Energieversorger fürchten Milliardenklagen der Industrie bei Gas-Stopp. Nationaler Notfallplan: Zuerst werden private Haushalte versorgt, Industrie droht Abschaltung. Qatar: Behauptung, russisches Gas zu ersetzen ist lächerlich, technisch derzeit nicht möglich.
Bei einem Stopp russischer Gaslieferungen fürchten die Energiekonzerne Schadensersatzklagen in Milliardenhöhe durch Unternehmen, die nicht mehr ausreichend mit Gas versorgt werden können. Das berichtet der "Spiegel" in seiner neuen Ausgabe. Die Versorger sollen deshalb bei einer vertraulichen Sitzung von der Bundesnetzagentur verbindliche Kriterien eingefordert haben, nach denen die Behörde über die Belieferung der Industriebetriebe entscheidet.

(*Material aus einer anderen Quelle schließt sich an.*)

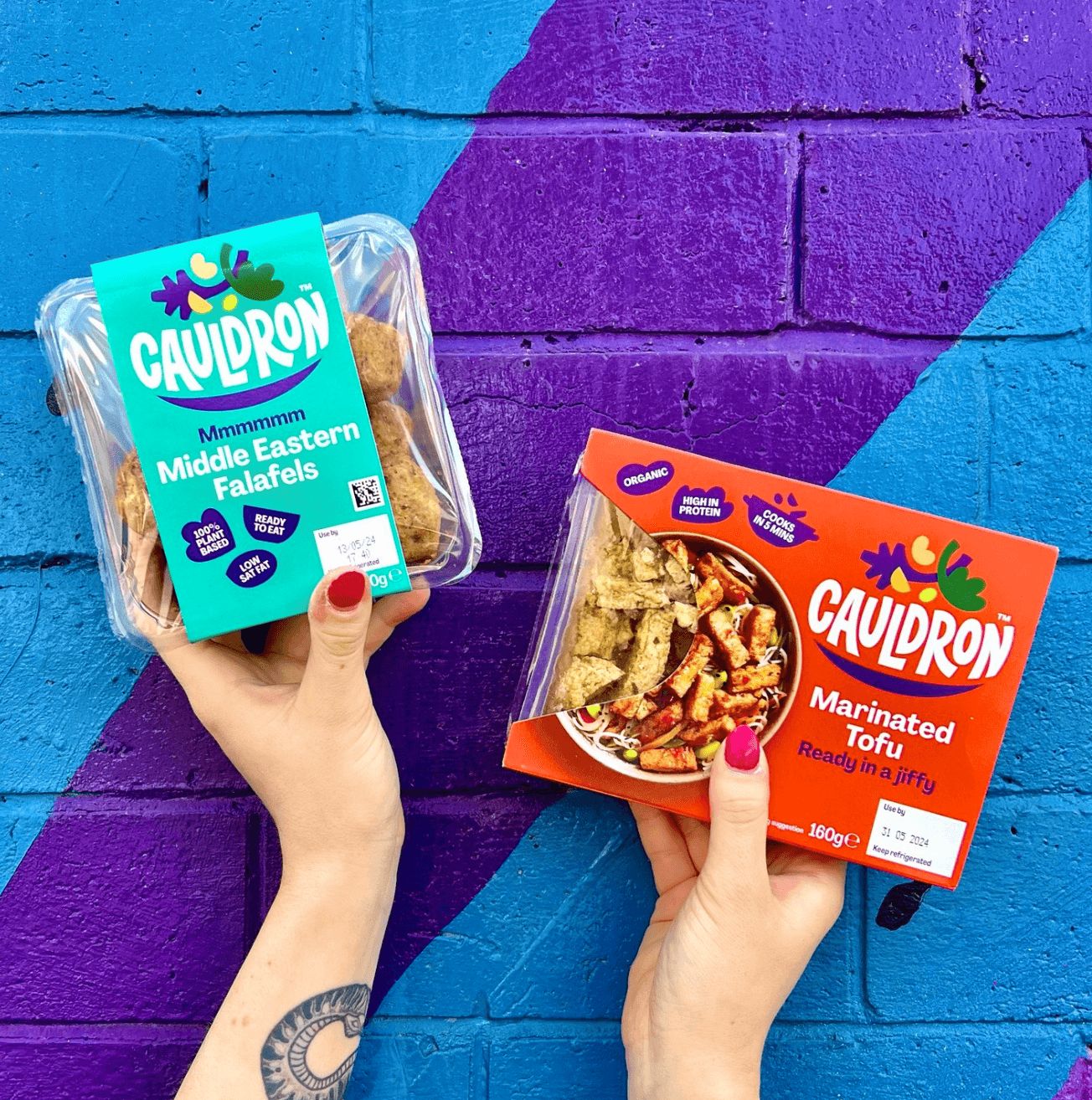 Holding Cauldron products near street art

Ein nationaler Notfallplan sieht bisher vor, dass bei sinkendem Gasdruck zuerst private Haushalte versorgt werden. Industriebetriebe müssen mit Rationierung oder Abschaltung rechnen. Der Bundesverband der Deutschen Industrie und der Bundesverband der Energie- und Wasserwirtschaft (BDEW), die die Gespräche mit der Bundesnetzagentur führen, hatten zuvor deutlich gemacht, dass sie der Behörde keine konkreten Unternehmen nennen würden, die von der Versorgung abgeschnitten oder rationiert werden könnten. In drei Arbeitsgruppen wollen Verbände und Behörde nun Kriterien für Abschaltungen erarbeiten und technische Details klären. Dabei dürfte relevant sein, ob Fabriken heruntergefahren werden können und ob es um Produkte geht, die lebenswichtig sind oder in den Lieferketten dringend benötigt werden. BDEW-Geschäftsführerin Kerstin Andreae hatte die Regierung am Donnerstag aufgefordert, die Frühwarnstufe auszurufen. Der Vorstoß sollte offenbar Tempo in die Vorbereitungen bringen. "Wir müssen Tacheles reden", soll sie in einer Videorunde gesagt haben.
Qatar: Es braucht Jahre, die Abhängigkeit von Russland zu verringern
Der qatarische Energieminister Saad al-Kaabi dämpft die deutschen und europäischen Hoffnungen auf schnellen Ersatz für russisches Gas. Wenn man die Abhängigkeit von Russland oder anderen Ländern verringern will, dann muss man das planen, und es braucht Jahre, bis alles entwickelt ist“, sagte al-Kaabi gegenüber der Frankfurter Allgemeinen Zeitung (F.A.Z. Samstagsausgabe). Er sieht nicht, dass jemand kurzfristig einspringen kann. „Niemand allein kann das sein“, führte er aus. „Zu sagen, ich kann heute auf Russland verzichten, und zu behaupten, Qatar oder andere könnten das ersetzen, ist lächerlich. Das ist Blödsinn. Das wird nicht passieren“, sagte der Minister der F.A.Z.
Al-Kaabi widersprach Berichten über einen Deal zwischen seinem Land und Qatar über eine langfristige Energiepartnerschaft. Die Frage, ob es einen solchen gebe, beantwortet er mit: „Nein.“ Zugleich machte der qaratische Minister, der zugleich CEO des staatlichen Konzerns Qatar Energy ist, deutlich, es gebe einen „klaren Willen“ und großes Interesse, ins Geschäft zu kommen.
Nach der Darstellung al-Kaabis hat Qatar Energy erst von von 2025 Jahren an die Möglichkeit, maßgebliche Mengen bereitzustellen. Fast das gesamte qatarische Gas sei bis 2026 durch bestehende Lieferverträge gebunden, sagt al-Kaabi der F.A.Z.. „Wir haben ein großes Projekt in den USA, an dem wir zu 70 beteiligt beteiligt sind. Qatar Energy hat dort ein Volumen von 16 Millionen Tonnen, das wir auch nach Deutschland oder in andere Länder liefern können. Und Europa bietet sich als Bestimmungsort dafür an, weil es näher liegt.“ Von 2026 würden neue Kapazitäten frei, weil Qatar seine Produktion von 77 Millionen auf 126 Millionen Tonnen pro Jahr erhöhen werde.